I have been really busy with my photography business (Taken By Terra)!! And I am loving every minute. If you would have told me that I would actually have people calling, emailing, facebooking, and texting me about doing a session this time last year... I would have laughed... hard.
My life has changed so much in the past year. My sweet little chunk of love, Selah Grace, has blessed my world. My life was pretty great with just Andrew, Ginger, and I.. she just added the sparkle.
I often look back at my blog posts from a year ago when I am needing to be reminded of God's blessings in my life. I stumbled upon this little beauty.. My blog post titled.. "Stretch"
Cracked me up. Seriously, I am sitting at my computer just laughing at my words. I am still dealing with these nasty dead gum stretch marks. I have super fair skin.. lucky me! Oh, the things that worry us in this world. Even though that post was written out of completely and total sarcasm, most women on this planet will go to any length to get rid off old scars, wounds, and blemishes. Why do scars bother us so much? My scars help me to remember. I have one scar below my right elbow from falling down the stairs when I was big and pregnant. It wasn't funny then but it is really funny now. If you could have seen me laughing hysterically while crying at the same time (I am not sure how it is possible) when I hit the bottom of those stairs, you would have laughed too.
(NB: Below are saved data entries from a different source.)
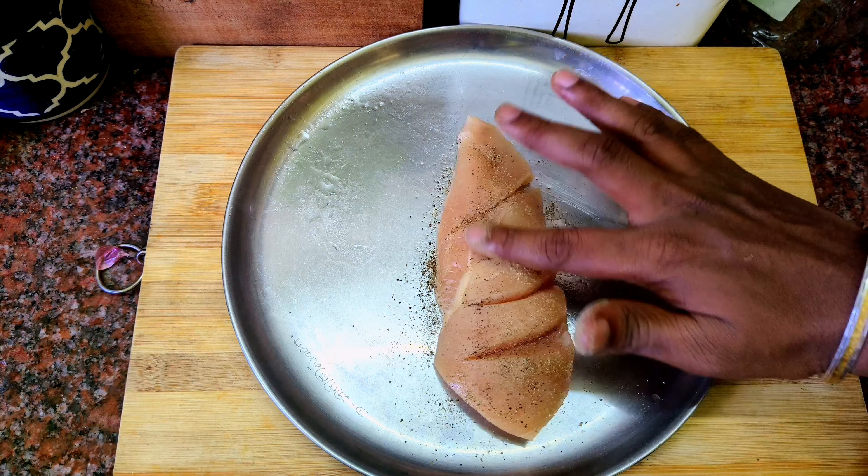Cook the chicken in four pieces. Let's fry the chicken, cutting it into two and then down the middle.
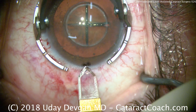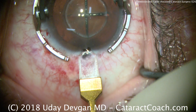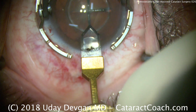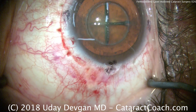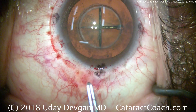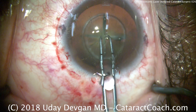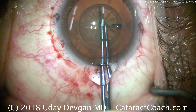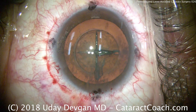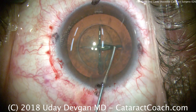The femtosecond laser has created a very precise, five-millimeter capsulotomy, and it's centered very well on the patient's visual axis. Now that the incision is made, we enter the eye with capsule forceps, simply lift up and pinch that central capsulotomy, and remove it. We'll then proceed with hydrodissection using balanced salt solution on a blunt cannula.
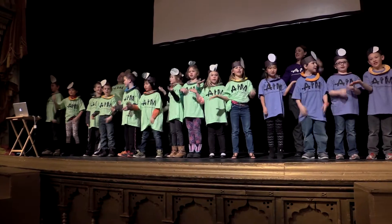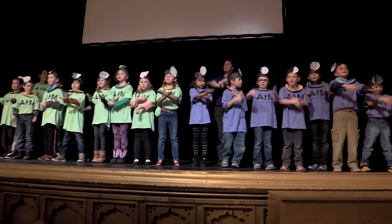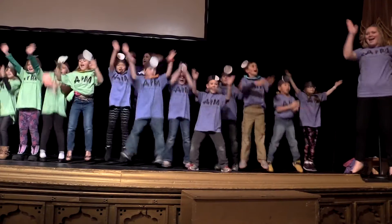Now the circus time is almost through. There's still one thing we have to do. Let's wish our friends a cheerful face. Make all our days be Circus Days. Hey!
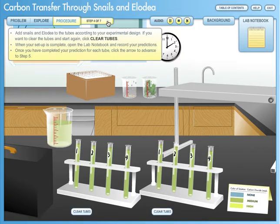Add snails and elodea to the tubes according to your experimental design. If you want to clear the tubes and start again, click Clear Tubes. When your setup is complete, open the lab notebook and record your predictions. Once you have completed your prediction for each tube, click the arrow to advance to step 5.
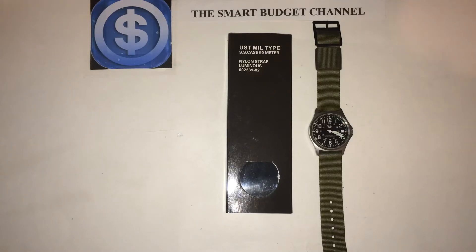Welcome to another edition of the Smart Budget Channel. Today we'll be doing a review of the Squad Leader watch, which is from US Time. There are a few features of this watch I found unique.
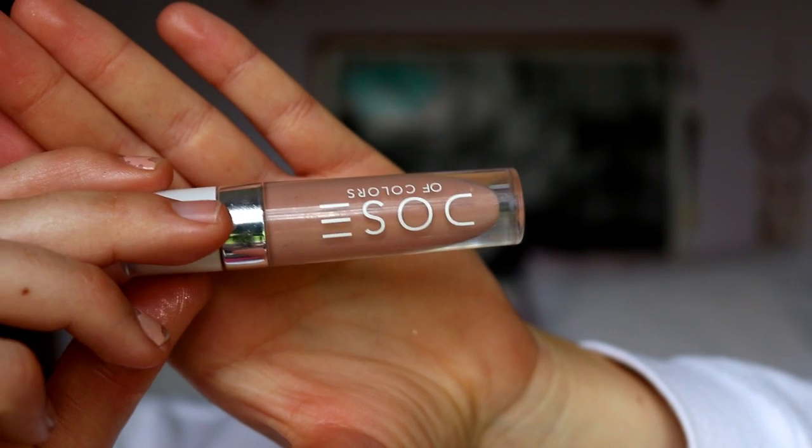For lips, I'm lining my lips firstly with my 049 natural shade from Rimmel. Over top I'm going in with the Nile Nude shade from Burt's Bees — it's a cute nudie pink shade. Lastly, to finish off the lips, I'm going in with a gloss, because glossy lips are very fitting for summer. This is the Undressed shade from Dose of Colors.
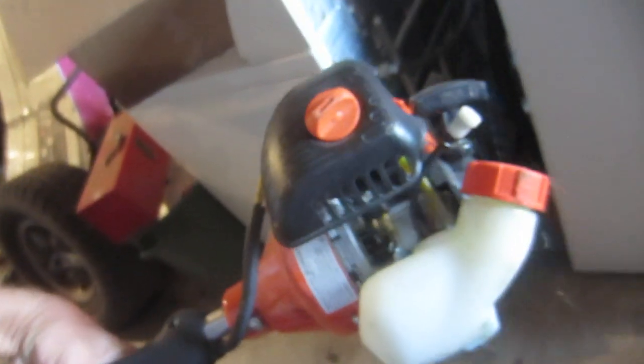I garbage-picked an awesome Echo weed eater this year. Unfortunately it's a curved shaft. All I did was put gas in it. It looks like it's only been used once — just crazy. Looks perfect.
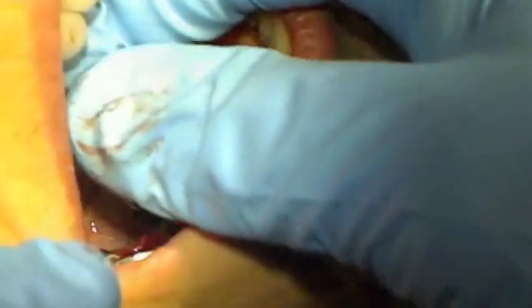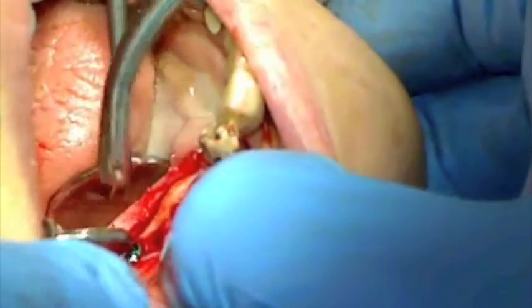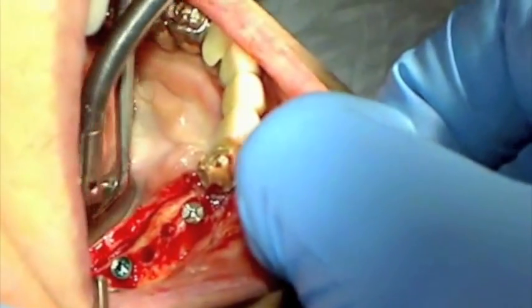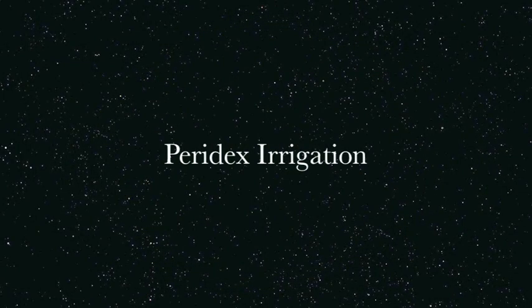The Legacy 3, 8 mm implants are then transferred to their respective osteotomies. The internal hex of the implant is then irrigated with chlorhexidine to prevent post-surgical fistulation.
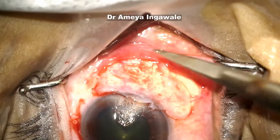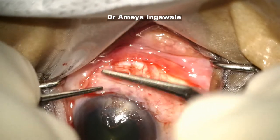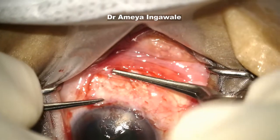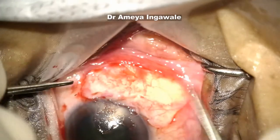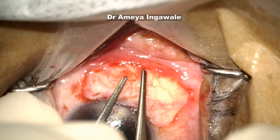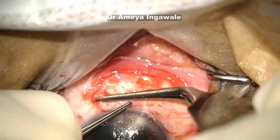Once you take the graft, keep it on that area and it is important to get the limbal alignment correct. For sizing of the graft, I had just eyeballed it, but it's always a good idea to mark it with a surgical marker. Once the limbal alignment is correct, spread out the graft.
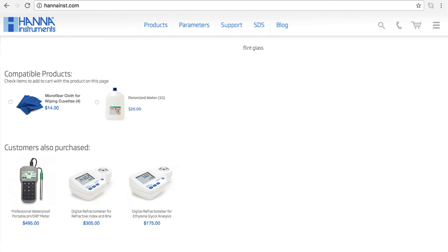The HI-96803 is perfect for people who measure glucose. You can find everything you need for your meter at hannahinst.com/HI96803. Thanks for stopping by and we hope you found this helpful. Don't forget to like us on Facebook and Instagram and subscribe to the channel for more updates on products and services. To learn more about this refractometer, click here. See you soon.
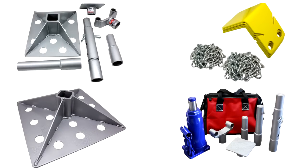Hi, I'm Sarah, and I get to introduce to you four new products from SafeJack. I'm going to show you the items here.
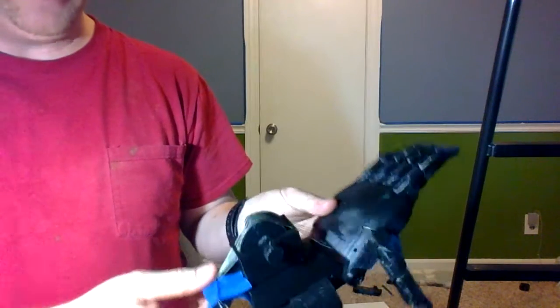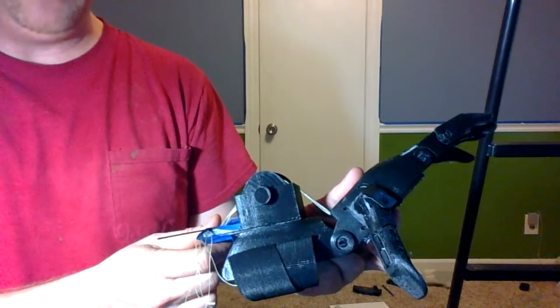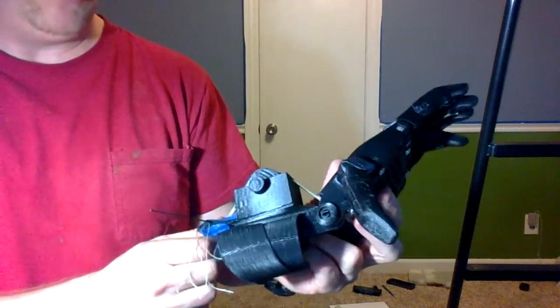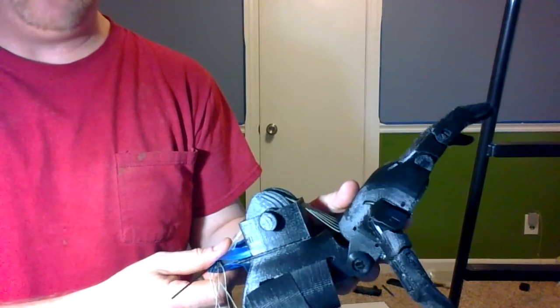So that's the idea. I'll put the files up along with this, so if anybody wants to print it and see what I've done. Obviously this is big and bulky — I'm working on a different version, but this is just to kind of prove the concept.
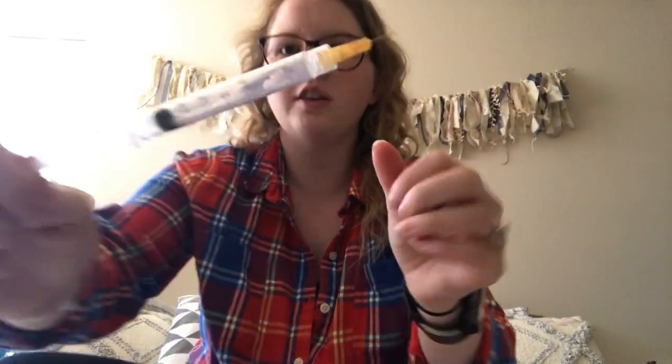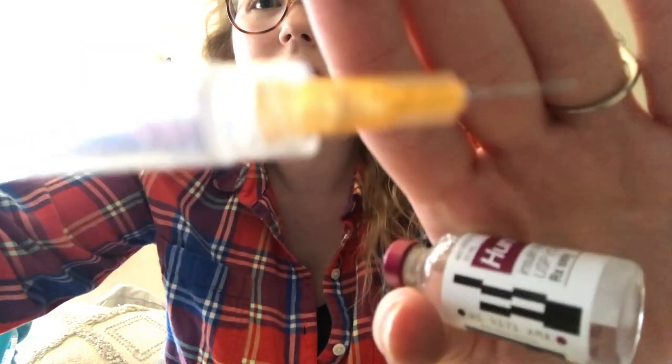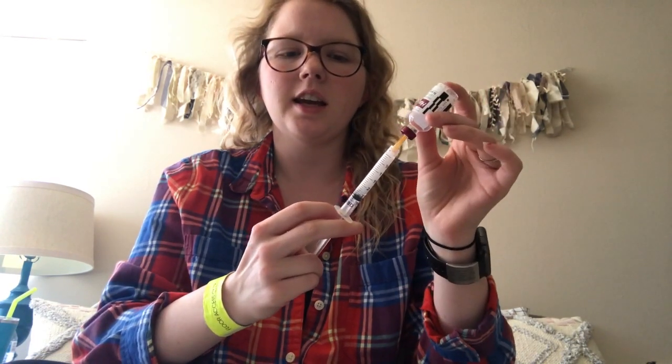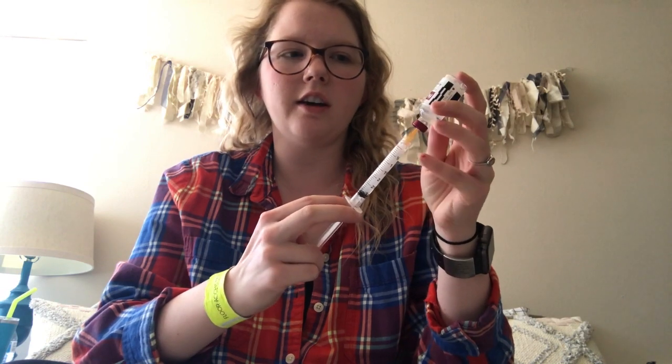You can see the needle right there — that's going to go inside the vial. I push the needle in and push all the extra air in, then I'm going to pull back and it's going to suck all the insulin out of that vial into this tube right here.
Scars shows the place where there was once a wound. It took my arm a long time to heal and was super sore for months as it tried its hardest to forget that my tumble ever happened.
God has really been dealing with some things in me lately. My scars. My wounds. Some, I didn't even know I had. He is teaching me his love. His. Love. Those two words have taken several months to hammer out in this thick skull of mine. I asked God to evaluate my heart and mind and begin a new work in me. Wow. When you ask, you shall receive a spring cleaning that you will never forget. Spiders the size of Guatemala were found in my dark & crusty corners. Loving people that are nasty to you is so hard. Forgiving people that have hurt you is so hard. Loving people that do not deserve love is so hard. For me anyway.
How can I love God if I do not unconditionally love his people? Even the people that hurt me. Loving people is not worldly - it is Godly. How can I teach my daughter love and forgiveness if I don't practice what I preach? I refuse to give her any excuse for not living a Godly life. I will live to be her example. And I know that I will fail... but she will (hopefully) see me humbly admit when I do and crawl back to God.
God has done a work in me the past couple of weeks and I feel refreshed. I have forgiven and loved like I have never done before. Only by the divine power of God was it possible. Now, I am naturally a very kind person. I love easily. I'm a hugger and always smiling. BUT there is a difference in loving someone like Jesus would love someone. I'm still a work in progress but I get very excited at my baby steps. And I know for a fact that God smiles at it too. Are you making baby steps in conquering your struggles?? If not, get on it! Life is too short to be an open walking wound. It's not attractive. Go and dunk yourself in some hydrogen peroxide!
For God so loved the world that he gave his one and only Son,
that whoever believes in him shall not perish but have eternal life.